Tenho 32 anos e demorei muito para assumir que minha pele é negra, meu cabelo é negro, meus lábios são negros, meus olhos e minha alma é NEGRA!
Aos 11 anos de idade fui estudar em um colégio de uma comunidade onde moro aqui em São Paulo e ao entrar na sala de aula da 1º série Bem -te-vi, me deparei com quase todos da sala brancos, inclusive a Professora.
Entrei e procurei ao meu redor alguém que tivesse a mesma cor que a minha. Encontrei uma menina com aparência mais velha que eu cujo nome era Isabel. Fiz amizade e me sentia segura, sabia que não era a única “preta” da sala, ainda sim tinha medo, muito medo quando a professora me chamava para ir até a lousa, resolver as contas que ela colocava.Não gostava dessa parte, me sentia envergonhada, discriminada e violentada moralmente falando.
Fui crescendo e conhecendo novas pessoas, me interagindo com o mundo que também me pertence, mas que muitas vezes tive que brigar para ser aceita.
Lembro-me de um episódio onde foi um casal de fotógrafos na escola e o ensaio do momento era fotografar os alunos vestidos de Cowboy, para nós as meninas eles traziam um chapéu marrom e um colete cheio de franjas. Arrumávamos o cabelo e passávamos um batom meio rosa/vermelho, uma cor muito forte para crianças, mas enfim, nos meninos era apenas uma camisa branca com um colete escuro e o chapéu de cor preta.
Fotografavam todos e após o quadro ficar pronto eles vinham até a escola entregar a lembrança e colher o dinheiro.. Claro, para nossos pais aquilo era lindo e maravilhoso, mas para muitos não.

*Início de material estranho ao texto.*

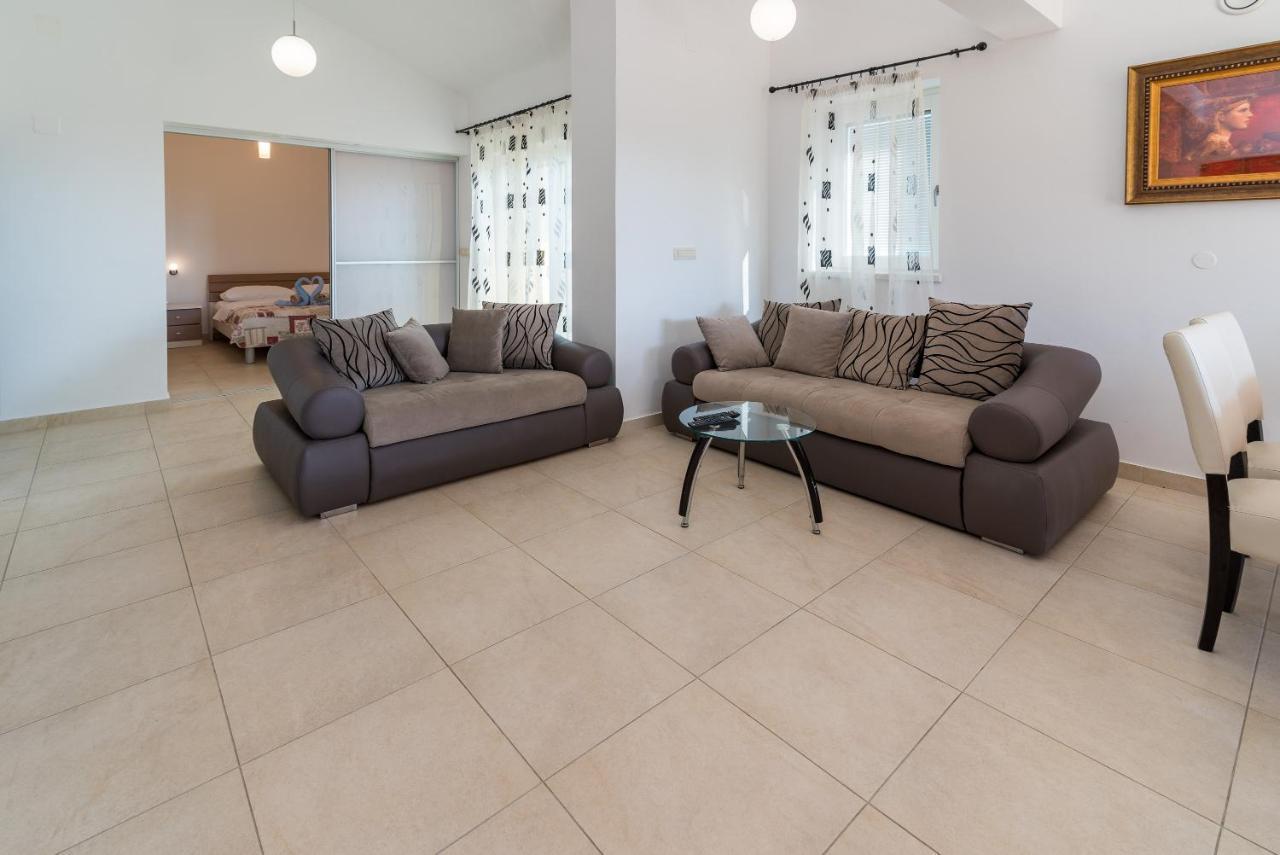 Apartment Salatic *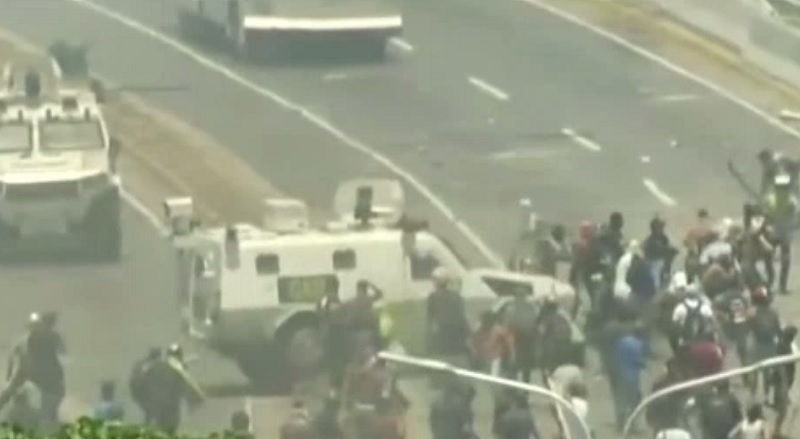 Violențe în Venezuela. Vehicule ale armatei au intrat în mulțime, în Caracas. VIDEO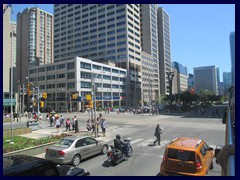 Toronto Bus Tour 195 - University Ave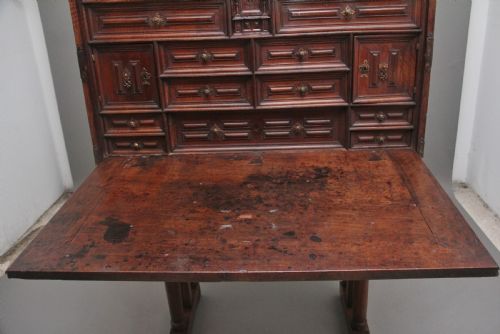 17TH CENTURY WALNUT VARGUENO ON STAND - ADDITIONAL PHOTO 2
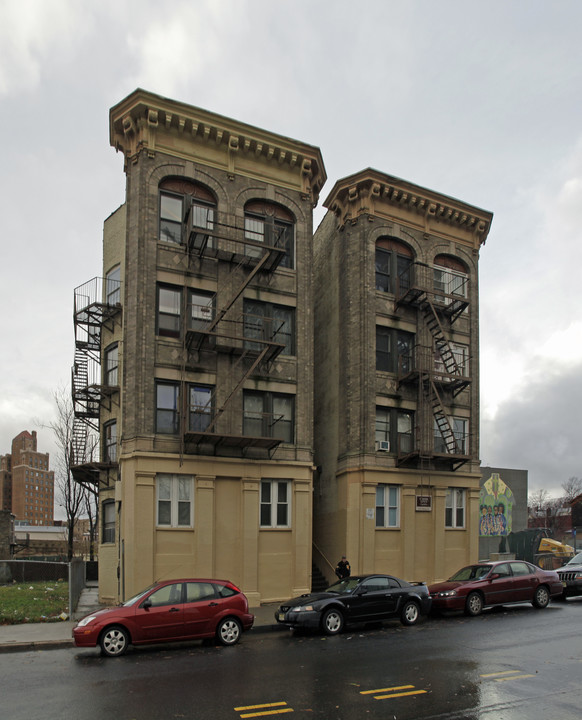 New Center City in Newark, NJ - Building Photo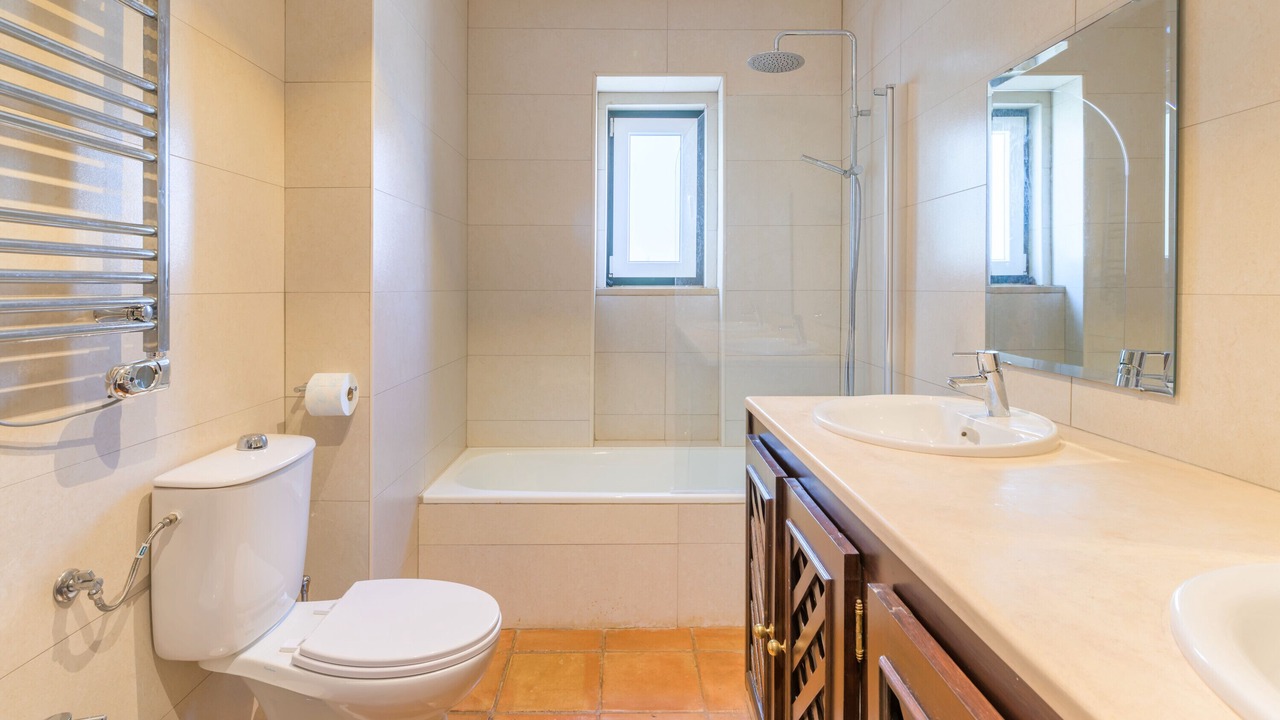 Photo of Bathroom in Odemira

No dia do ensaio, meu cabelo por ser cacheado não estava em sua forma adequada de tratamento, em casa não tinha feijão e arroz para comer, não poderia me dar o luxo de ter meu cabelo hidratado e em seus perfeitos cachos. E ao ir para o ensaio, fui com ele armado, desarrumado, e ao colocar o chapéu, fui motivo de chacota pra sala toda. Claro, ele estava rebelde e não queria um chapéu prendendo-o, então saiu para os lados e como era pequena não tinha a astúcia de eu mesma arrumar, a moça que era assistente da fotógrafa também não tinha intimidade com um cabelo daquele “nipe” e por conta disso ele ficou daquele jeito mesmo e a foto foi tirada.
Fiz cara de choro e ao sair da sala me sentia a pior das criaturas, naquele momento queria ter o cabelo liso, a pele clara, ter boa roupa, bons sapatos, talvez um pouco de coragem e dignidade, mas até isso me faltava e assim fui vivendo a vida até chegar a fase adulta.
Fase essa que também não estava em preparação, mas me sai bem, aprendi a ver e olhar as pessoas com outros olhos e não chorar por ter o cabelo crespo, pelo contrário, olhar para a cara de quem falar que ele está “desgrenhado” e dizer: Não está não, ele é assim mesmo, pois sou negra e ele também é e exigimos respeito com nossa cor.
Hoje me orgulho do mundo o qual pertenço. Negra sim e com Muito Orgulho!